*** Data records Section Begins ***
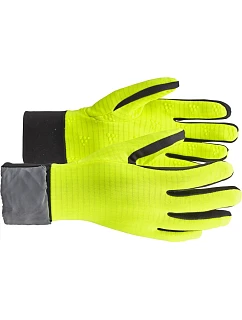 Essence Hybrid Glove Tréninkové rukavice v model 22471604 - Craft Corporate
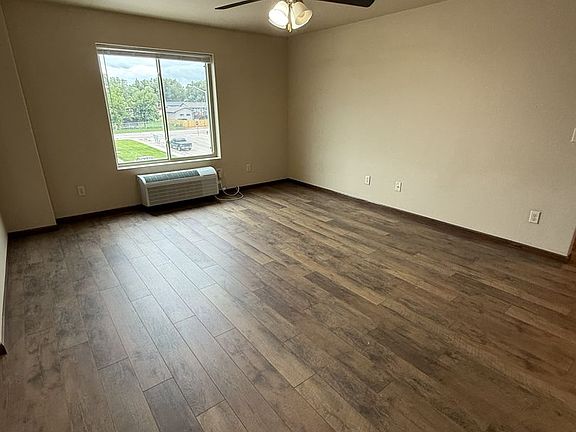 3rd image of 4226 Kateland St #301
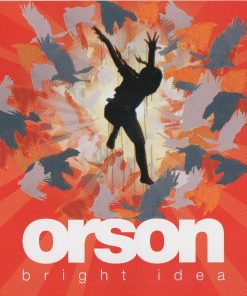 Orson (2)-0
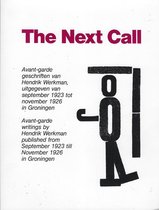 The next call
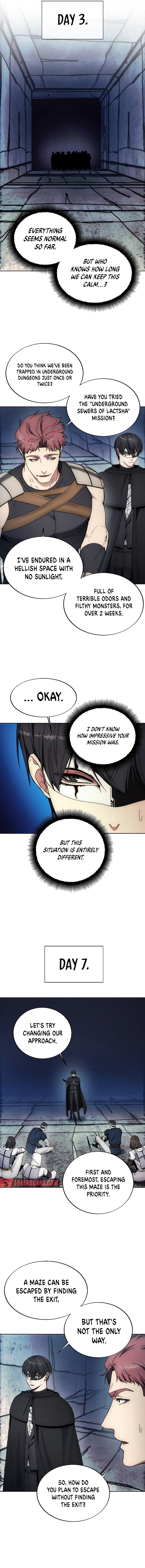 Page 11 of Chapter 148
*** Data records Section Ends ***
Problem description: Produce an exact copy of every line above, with the images left out.

Exercise response:
 Essence Hybrid Glove Tréninkové rukavice v model 22471604 - Craft Corporate
 3rd image of 4226 Kateland St #301
 Orson (2)-0
 The next call
 Page 11 of Chapter 148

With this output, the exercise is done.